Search code examples
azure-data-explorerkql

How do I render the count of multiple rows in Azure Data Explorer?


Input data:

Location
europe_w
asia_s
us_e
asia_e
us_w
us_c
asia_c

I want this result using a Kusto query in Azure Data Explorer:

Location Count
asia 3
europe 1
us 3

Can't seem to figure out how to count by a specific substring and output it as a new value showing the total count.


Solution

  • Code

    datatable(Location:string)
    [
    'europe_w',
    'asia_s',
    'us_e',
    'asia_e',
    'us_w',
    'us_c',
    'asia_c'
    ]
    | extend Region = substring(Location,0,indexof(Location,"_"))
    | summarize Count = count() by Region
    

    In this query, extend operator is used to extract the substring before the first underscore character (_) in the Location column to create a new column Region. substring function extracts the substring before the first underscore character. Finally, to count the occurrences of each Region summarize operator is used.

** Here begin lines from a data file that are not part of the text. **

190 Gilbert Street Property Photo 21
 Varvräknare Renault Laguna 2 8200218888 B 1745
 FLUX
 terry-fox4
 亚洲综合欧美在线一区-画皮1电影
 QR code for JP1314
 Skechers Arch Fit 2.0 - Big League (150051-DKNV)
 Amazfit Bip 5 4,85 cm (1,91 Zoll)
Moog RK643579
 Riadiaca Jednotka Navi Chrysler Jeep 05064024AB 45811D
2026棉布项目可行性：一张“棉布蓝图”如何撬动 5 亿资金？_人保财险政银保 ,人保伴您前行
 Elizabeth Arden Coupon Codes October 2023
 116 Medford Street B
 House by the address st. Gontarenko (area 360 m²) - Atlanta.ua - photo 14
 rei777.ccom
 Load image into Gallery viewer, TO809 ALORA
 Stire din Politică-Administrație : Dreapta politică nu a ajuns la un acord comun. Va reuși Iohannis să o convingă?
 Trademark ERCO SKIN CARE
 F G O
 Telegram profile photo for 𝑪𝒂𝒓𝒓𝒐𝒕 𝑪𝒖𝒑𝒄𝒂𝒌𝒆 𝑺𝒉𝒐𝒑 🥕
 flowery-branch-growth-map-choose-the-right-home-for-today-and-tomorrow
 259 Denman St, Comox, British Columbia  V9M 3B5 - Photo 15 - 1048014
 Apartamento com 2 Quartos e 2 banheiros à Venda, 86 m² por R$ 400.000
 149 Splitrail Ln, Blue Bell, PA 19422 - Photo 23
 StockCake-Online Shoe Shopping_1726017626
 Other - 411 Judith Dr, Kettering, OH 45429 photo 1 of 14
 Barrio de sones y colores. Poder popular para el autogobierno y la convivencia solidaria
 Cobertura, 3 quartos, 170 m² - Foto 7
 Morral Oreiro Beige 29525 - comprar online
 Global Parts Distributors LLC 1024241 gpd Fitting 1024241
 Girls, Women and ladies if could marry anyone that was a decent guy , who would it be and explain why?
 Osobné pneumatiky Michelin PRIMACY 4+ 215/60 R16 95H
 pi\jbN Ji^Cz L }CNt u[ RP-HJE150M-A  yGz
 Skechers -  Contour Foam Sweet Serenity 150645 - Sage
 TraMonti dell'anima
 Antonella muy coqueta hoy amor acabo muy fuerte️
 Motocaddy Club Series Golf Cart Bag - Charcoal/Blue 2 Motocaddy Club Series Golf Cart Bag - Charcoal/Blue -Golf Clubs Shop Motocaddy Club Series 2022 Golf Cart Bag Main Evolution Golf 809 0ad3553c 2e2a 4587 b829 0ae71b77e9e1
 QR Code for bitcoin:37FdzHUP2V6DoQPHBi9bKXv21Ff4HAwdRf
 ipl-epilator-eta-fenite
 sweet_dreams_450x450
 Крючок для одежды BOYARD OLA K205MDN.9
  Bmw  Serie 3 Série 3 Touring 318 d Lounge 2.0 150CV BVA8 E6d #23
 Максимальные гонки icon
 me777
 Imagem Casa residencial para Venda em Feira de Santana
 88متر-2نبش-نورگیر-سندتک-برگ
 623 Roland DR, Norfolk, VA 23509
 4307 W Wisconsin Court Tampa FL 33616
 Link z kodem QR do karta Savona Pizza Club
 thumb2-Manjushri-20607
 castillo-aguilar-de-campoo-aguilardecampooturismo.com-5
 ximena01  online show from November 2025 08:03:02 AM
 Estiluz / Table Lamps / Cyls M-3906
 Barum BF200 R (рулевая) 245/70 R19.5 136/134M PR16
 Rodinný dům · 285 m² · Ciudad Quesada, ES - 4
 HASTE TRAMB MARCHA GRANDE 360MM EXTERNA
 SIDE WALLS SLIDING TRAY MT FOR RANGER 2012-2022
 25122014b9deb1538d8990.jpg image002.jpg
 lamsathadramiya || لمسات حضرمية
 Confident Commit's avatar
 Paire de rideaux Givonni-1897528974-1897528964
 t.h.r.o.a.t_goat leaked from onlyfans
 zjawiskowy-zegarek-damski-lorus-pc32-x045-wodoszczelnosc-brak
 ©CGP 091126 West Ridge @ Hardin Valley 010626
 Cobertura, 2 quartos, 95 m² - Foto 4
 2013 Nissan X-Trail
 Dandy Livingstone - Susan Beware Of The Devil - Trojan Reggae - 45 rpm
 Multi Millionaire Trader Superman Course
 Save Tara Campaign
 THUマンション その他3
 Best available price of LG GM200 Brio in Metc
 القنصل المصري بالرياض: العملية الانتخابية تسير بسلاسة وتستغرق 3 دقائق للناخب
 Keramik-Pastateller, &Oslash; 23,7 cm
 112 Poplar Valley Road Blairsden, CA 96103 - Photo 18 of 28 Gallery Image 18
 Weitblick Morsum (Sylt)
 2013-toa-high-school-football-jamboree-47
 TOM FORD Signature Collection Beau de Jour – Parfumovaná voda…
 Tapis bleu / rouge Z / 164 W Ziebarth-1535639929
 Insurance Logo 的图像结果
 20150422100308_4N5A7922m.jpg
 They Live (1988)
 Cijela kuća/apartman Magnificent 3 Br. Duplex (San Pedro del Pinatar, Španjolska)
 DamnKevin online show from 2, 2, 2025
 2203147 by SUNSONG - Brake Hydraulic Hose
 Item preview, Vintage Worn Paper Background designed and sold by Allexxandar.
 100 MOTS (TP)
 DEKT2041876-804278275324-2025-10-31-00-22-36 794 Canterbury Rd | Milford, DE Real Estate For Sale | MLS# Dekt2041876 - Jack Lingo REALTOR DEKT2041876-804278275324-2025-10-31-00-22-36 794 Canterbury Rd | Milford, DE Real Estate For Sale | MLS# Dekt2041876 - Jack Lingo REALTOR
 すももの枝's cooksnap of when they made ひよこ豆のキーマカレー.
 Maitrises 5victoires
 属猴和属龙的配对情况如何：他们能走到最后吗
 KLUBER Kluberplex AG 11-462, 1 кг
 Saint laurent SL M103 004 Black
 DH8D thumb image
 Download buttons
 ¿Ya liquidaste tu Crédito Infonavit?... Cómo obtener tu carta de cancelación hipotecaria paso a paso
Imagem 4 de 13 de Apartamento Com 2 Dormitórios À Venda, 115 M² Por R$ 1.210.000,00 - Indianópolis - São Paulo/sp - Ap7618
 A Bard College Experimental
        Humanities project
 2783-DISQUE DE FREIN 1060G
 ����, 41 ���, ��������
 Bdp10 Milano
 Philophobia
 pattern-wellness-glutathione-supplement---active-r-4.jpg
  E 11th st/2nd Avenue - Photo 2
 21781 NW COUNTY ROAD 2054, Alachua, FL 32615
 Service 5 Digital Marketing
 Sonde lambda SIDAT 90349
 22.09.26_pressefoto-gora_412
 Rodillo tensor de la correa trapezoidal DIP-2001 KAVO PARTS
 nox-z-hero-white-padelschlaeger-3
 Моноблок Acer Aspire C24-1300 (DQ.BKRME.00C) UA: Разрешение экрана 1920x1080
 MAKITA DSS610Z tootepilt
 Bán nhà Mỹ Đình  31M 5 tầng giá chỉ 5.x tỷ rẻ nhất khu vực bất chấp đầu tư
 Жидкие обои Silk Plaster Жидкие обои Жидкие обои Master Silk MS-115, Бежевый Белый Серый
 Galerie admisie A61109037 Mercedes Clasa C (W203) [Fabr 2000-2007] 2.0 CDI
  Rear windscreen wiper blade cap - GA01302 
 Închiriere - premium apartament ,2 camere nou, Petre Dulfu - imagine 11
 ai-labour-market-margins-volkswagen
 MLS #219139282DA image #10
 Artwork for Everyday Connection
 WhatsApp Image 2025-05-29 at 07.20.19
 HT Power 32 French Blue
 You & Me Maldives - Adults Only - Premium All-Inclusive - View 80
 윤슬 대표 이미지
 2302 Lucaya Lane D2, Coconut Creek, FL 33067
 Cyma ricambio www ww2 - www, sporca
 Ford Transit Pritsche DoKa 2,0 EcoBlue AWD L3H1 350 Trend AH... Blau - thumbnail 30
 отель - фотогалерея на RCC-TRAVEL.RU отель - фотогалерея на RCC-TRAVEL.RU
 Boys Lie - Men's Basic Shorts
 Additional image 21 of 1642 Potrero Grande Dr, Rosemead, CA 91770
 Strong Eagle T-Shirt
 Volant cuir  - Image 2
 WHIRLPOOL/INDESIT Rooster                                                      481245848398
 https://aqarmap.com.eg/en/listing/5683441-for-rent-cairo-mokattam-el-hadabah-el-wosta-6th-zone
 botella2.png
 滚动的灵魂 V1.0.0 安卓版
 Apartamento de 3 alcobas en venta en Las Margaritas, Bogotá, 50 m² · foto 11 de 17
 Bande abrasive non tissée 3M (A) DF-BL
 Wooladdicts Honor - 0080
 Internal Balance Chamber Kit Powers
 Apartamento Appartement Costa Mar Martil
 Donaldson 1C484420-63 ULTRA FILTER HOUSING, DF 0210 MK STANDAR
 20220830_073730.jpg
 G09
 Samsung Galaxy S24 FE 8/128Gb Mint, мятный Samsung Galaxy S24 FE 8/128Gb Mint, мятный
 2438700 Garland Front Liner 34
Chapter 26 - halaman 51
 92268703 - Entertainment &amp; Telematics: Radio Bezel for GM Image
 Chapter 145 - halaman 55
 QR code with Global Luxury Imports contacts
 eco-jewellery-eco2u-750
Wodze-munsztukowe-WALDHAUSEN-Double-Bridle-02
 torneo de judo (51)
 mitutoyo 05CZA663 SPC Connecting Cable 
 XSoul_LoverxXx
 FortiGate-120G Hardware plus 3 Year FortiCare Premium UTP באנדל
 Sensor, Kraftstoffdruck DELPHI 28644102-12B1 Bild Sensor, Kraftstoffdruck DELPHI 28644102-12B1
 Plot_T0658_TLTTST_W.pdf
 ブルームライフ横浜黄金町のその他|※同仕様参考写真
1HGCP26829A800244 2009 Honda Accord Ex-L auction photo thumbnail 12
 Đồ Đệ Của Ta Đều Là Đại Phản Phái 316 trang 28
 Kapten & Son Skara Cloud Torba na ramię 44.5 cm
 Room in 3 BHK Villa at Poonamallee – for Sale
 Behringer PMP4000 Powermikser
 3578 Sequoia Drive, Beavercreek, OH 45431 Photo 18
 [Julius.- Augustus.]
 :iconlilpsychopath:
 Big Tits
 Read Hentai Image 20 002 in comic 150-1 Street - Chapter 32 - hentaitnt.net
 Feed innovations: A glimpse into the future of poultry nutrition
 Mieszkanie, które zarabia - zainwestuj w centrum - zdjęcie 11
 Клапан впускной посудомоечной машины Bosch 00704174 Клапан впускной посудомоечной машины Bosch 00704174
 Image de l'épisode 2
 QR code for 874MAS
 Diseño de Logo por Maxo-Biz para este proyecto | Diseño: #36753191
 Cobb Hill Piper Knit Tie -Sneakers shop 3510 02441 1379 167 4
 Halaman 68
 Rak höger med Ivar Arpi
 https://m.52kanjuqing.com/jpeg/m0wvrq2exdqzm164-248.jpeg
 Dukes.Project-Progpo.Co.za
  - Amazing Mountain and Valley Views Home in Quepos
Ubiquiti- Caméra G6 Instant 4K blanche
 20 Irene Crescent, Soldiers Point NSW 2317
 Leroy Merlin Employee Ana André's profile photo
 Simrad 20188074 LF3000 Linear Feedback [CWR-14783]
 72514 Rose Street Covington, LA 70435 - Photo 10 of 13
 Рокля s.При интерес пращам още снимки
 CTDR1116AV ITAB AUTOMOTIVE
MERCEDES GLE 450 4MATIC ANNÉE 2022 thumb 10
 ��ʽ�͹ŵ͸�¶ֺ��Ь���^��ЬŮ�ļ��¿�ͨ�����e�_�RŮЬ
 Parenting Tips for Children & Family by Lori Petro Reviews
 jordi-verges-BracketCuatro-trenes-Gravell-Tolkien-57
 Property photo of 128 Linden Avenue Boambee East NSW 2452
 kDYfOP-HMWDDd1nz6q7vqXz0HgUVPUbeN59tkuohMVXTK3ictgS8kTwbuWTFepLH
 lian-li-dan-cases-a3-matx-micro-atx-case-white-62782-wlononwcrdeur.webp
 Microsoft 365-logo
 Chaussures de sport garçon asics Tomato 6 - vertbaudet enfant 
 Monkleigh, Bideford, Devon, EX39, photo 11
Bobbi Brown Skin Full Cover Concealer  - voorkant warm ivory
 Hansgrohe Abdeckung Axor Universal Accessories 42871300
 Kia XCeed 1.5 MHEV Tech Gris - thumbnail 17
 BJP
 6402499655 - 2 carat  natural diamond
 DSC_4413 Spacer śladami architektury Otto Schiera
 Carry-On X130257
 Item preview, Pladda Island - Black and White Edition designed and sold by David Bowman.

    The output of this query:

    Region Count
    europe 1
    asia 3
    us 3

    You can also use the below code.

    datatable(Location:string)
    [
        'europe_w',
        'asia_s',
        'us_e',
        'asia_e',
        'us_w',
        'us_c',
        'asia_c'
    ]
    |summarize count() by tostring(split(Location, "_")[0])
    

    This query gives the same expected result.

    Edit:

    how would you do if the input data was like this: europew, asias, use, asiae, usw, usc, asiac (no specific char that separates the string)?

    datatable(Location:string)
    [
      'europe_w',
      'asia_s',
      'us_e',
      'asia_e',
      'us_w',
      'us_c',
      'asia_c'
    ]
    | extend Region = case(
        Location contains "europe", "europe",
        Location contains "asia", "asia",
        Location contains "us", "us",
        "unknown"
      )
    | summarize Count = count() by Region
    | where Region != "unknown"
    

    This query uses the case() function to create a new column called Region that maps each location to its corresponding region. If the Location column contains the string europe, the Region column will be set to europe. If it contains the string asia, the Region column will be set to asia. If it contains the string us, the Region column will be set to us. You can extend this if you have multiple base locations. If it does not contain any of these strings, the Region column will be set to unknown.